Lemieux met au chômage le poète « voleur de feu » (Rimbaud, 1960 : 347), cleptomane des flammes. La consumation, si elle ne refuse en rien qu’une communauté de figures en relate l’expérience, se singularise dans les œuvres où elle donne à voir sa puissance. L’expérience d’une faim littéraire exige une initiation par la lecture. Ce n’est en rien une expérience dont une pédagogie donnée parviendrait à capturer le mode de transmission. Il n’y a peut-être pas d’école pour l’angoisse de la pensée et il n’est assurément pas de lieux où la joie étrange, provenant de cette connaissance par la faim, puisse se reposer. Je suis moi-même coupable de prolonger cette chaîne de métaphore, m’embourbant dans le mot de faim que j’élis comme image de ma propre lecture du livre. Par-là, je ne cherche aucunement à produire une mise en abîme, mais bien à illustrer la nature du défi auquel Lemieux a livré longue bataille.

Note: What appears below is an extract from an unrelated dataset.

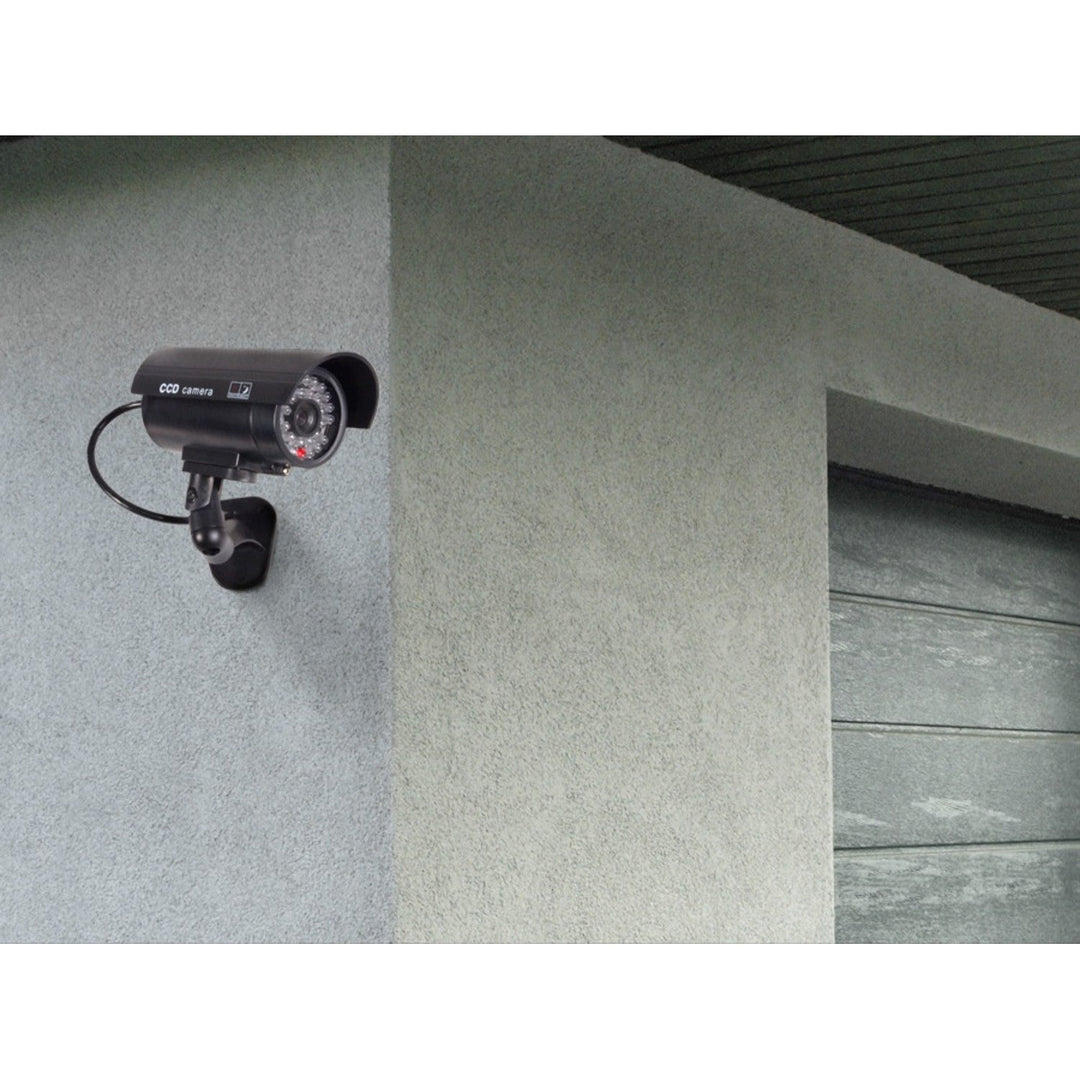 IR9000 B IR LED lažna kamera, crna + 2x AAA Varta Industrial baterije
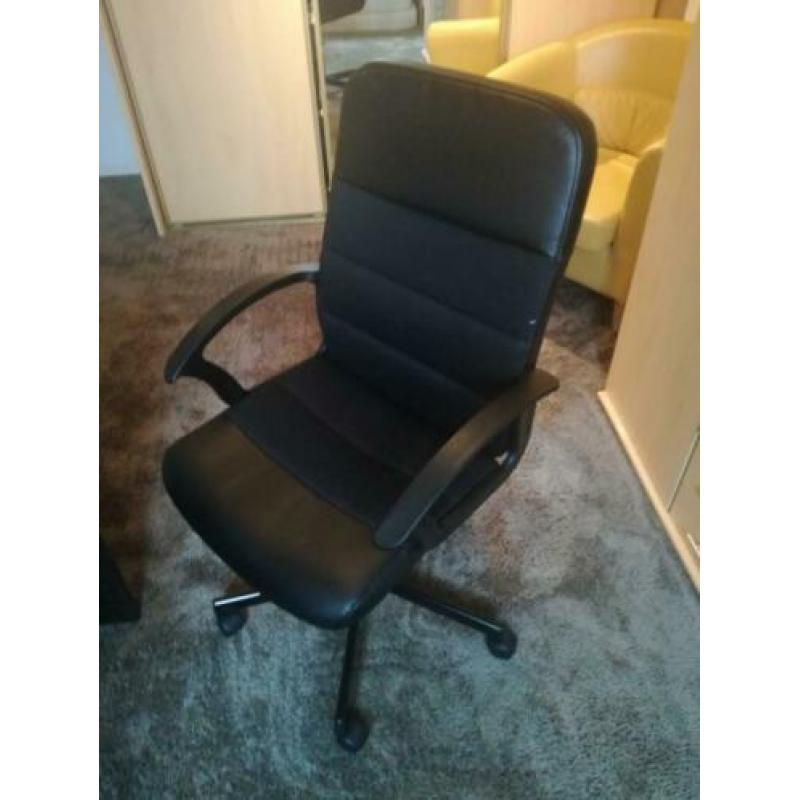Bureau + bureaustoel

« Ma contribution n’est pas une brique ajoutée au mur de la connaissance. Ma contribution est une métaphore de tout le feu qui s’est imaginé avant moi, en moi » (Lemieux, 2019 : 305). Aussi bien dire que l’expérience de la littérature n’a guère pour symbole l’accumulation matérielle de livres, que son expérience n’aboutit pas à la constitution silencieuse d’une bibliothèque. En effet, à la suite de la lecture, je sentais bien que le « savoir » littéraire n’était rien d’autre qu’une béance dans laquelle on chute, croisant occasionnellement des figures qui y tombent depuis plus longtemps encore que moi. Il semblerait que Catherine Lemieux soit de celles qu’on peut y rencontrer.